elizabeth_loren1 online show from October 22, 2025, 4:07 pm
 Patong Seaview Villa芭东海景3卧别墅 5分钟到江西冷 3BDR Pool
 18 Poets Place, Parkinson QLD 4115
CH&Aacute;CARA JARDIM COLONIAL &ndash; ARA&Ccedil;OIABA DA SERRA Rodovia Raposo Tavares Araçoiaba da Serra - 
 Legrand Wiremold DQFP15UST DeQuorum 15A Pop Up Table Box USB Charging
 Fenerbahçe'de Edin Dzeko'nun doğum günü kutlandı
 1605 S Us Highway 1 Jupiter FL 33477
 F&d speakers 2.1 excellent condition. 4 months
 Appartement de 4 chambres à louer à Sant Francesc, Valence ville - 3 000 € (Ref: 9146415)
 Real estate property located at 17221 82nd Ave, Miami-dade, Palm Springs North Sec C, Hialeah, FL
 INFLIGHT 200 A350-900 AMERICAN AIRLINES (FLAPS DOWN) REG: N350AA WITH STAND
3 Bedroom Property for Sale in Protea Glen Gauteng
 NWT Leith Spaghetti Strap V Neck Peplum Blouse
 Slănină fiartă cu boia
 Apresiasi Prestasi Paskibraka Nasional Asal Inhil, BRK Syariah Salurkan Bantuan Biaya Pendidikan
====
== PROBLEM REQUIREMENTS ==
Write out each entry above exactly as it is written.

== RESULT ==
elizabeth_loren1 online show from October 22, 2025, 4:07 pm
 Patong Seaview Villa芭东海景3卧别墅 5分钟到江西冷 3BDR Pool
 18 Poets Place, Parkinson QLD 4115
CH&Aacute;CARA JARDIM COLONIAL &ndash; ARA&Ccedil;OIABA DA SERRA Rodovia Raposo Tavares Araçoiaba da Serra - 
 Legrand Wiremold DQFP15UST DeQuorum 15A Pop Up Table Box USB Charging
 Fenerbahçe'de Edin Dzeko'nun doğum günü kutlandı
 1605 S Us Highway 1 Jupiter FL 33477
 F&d speakers 2.1 excellent condition. 4 months
 Appartement de 4 chambres à louer à Sant Francesc, Valence ville - 3 000 € (Ref: 9146415)
 Real estate property located at 17221 82nd Ave, Miami-dade, Palm Springs North Sec C, Hialeah, FL
 INFLIGHT 200 A350-900 AMERICAN AIRLINES (FLAPS DOWN) REG: N350AA WITH STAND
3 Bedroom Property for Sale in Protea Glen Gauteng
 NWT Leith Spaghetti Strap V Neck Peplum Blouse
 Slănină fiartă cu boia
 Apresiasi Prestasi Paskibraka Nasional Asal Inhil, BRK Syariah Salurkan Bantuan Biaya Pendidikan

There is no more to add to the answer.